Igual que cuando se producen los incomprensibles desastres naturales, la intrínseca mediocridad que alberga todo ser humano es un perenne anuncio de que la humildad está llamada a derrotar a la altanería, y quien así no lo entiende, simplemente sigue derrotado, pues también hay grandeza en la caída de los ídolos, ya que es grandeza porque las bajezas nos recuerdan que no existe ídolo sin pies de barro, pues del barro venimos todos.
El ser humano en general, y quizás el español en particular, es especialista en obviar una trayectoria ejemplar para pasar a la fase de condena y desprecio cuando el prójimo comete un error importante. Pero cuando nos toca recibir el vilipendio nos parece horrorosamente injusto, y a pesar de ello somos despiadados con el otro, con el del otro equipo de fútbol, con el de la otra familia, con el del otro partido político… con el otro en general.
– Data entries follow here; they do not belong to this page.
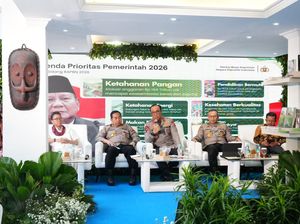 Antropolog UI: Ketahanan Pangan Polri Bukan Intervensi, tapi Akselerasi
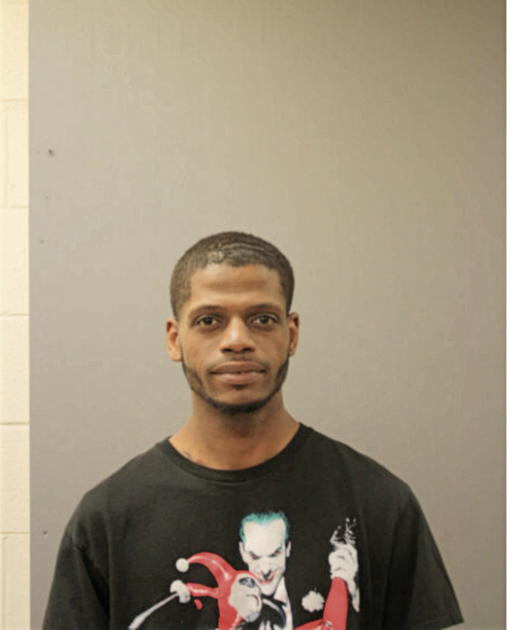 CALARM WILLIAMS, Cook County, Illinois
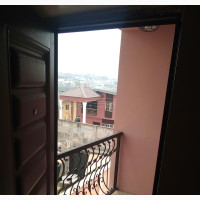 Brand New 2 Bedrooms Terrace Duplex at Omole Phase II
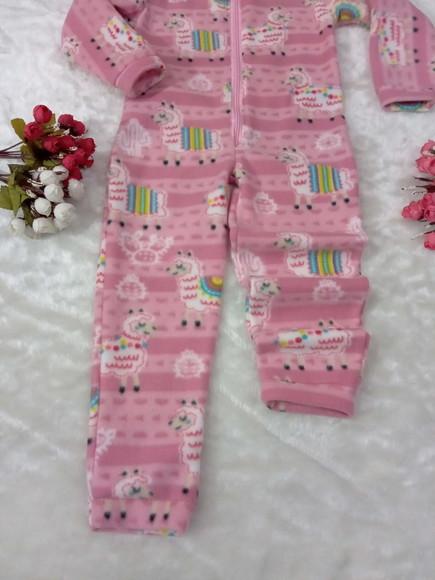 Macacão Pijama em Soft. (1 ou 2 anos)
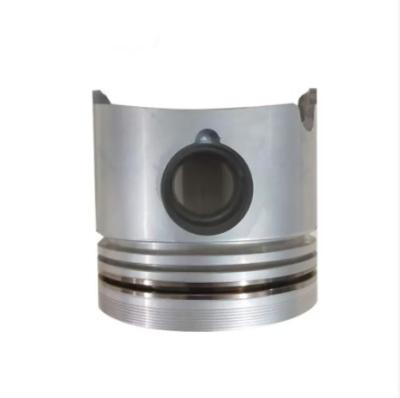 China TEM High Performance Moly Skirt Isuzu 4JA1 Diesel Engine Piston Parts 8-94152-712-1 8-94369-281-0 For Isuzu for sale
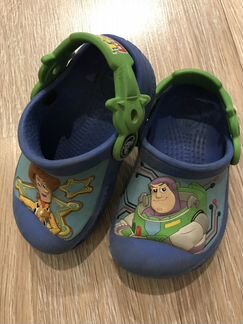 Crocs, Разные размеры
¿Hemos aprendido el significado de la gracia divina? Cuando nos situamos ante los defectillos o manías de quien nos ama y nos ha ayudado en múltiples ocasiones nos sonreímos con cariño y decimos que Manolito o Valentina son así de peculiares, pero si esas actitudes incomodas vienen de alguien que no nos cae del todo bien, es entonces cuando somos capaces de provocar odios y divisiones irreparables. Ya no nos parece tan gracioso. Así somos; personas de principios y de justicia cuando quien nos toca las narices no es de nuestro clan y misericordiosos y cómplices cuando el mal viene de nuestro entorno de calor, riéndonos cuando a nuestro amigo le pitan por haber dejado el coche en doble fila, pero con la vena yugular hinchada cuando es nuestro coche el que lleva bloqueado diez minutos por culpa de
un cara.
Como evidencia de la condición sombría del ser humano son pocas las veces que tratamos a los demás del mismo modo en el que esperamos que nos aborden cuando nos equivocamos.
Por muy arrepentido que uno se encuentre, jamás he visto a un detenido esposado insultándose a sí mismo gritando como un poseso por el desagravio que ha cometido.
Pero el Jesús de los evangelios vuelve a desatar el escándalo, pues para él, “el segundo gran mandamiento es semejante al primero: Amarás a tu prójimo como a ti mismo. No hay otro mandamiento mayor que éstos […] amar al prójimo como a uno mismo, es más que todos los holocaustos y sacrificios” (Marcos 12, 31 y 33).
Desde luego, amar al otro no siempre tiene que ver con los sentimientos ni con el hecho de sentir cariño hacia quien naturalmente no lo tenemos. No va por ahí la cosa, pues cada uno de nosotros se ha sentido despreciable en algún momento de nuestra vida y no por ello nos arrojamos piedras. Más bien esperamos superar nuestra caída con ayuda ajena y esfuerzo propio, sabiendo que el desprecio y la autocompasión sin más no es la mejor de las salidas.
Por esta razón, amar al prójimo lleva implícita la acción de participar para que al otro le acontezca lo mejor, sabiendo que para hacerlo bien no es imprescindible sentir cariño sino comenzar por amarnos a nosotros mismos correctamente para, ahora sí, amar. Nada más grande.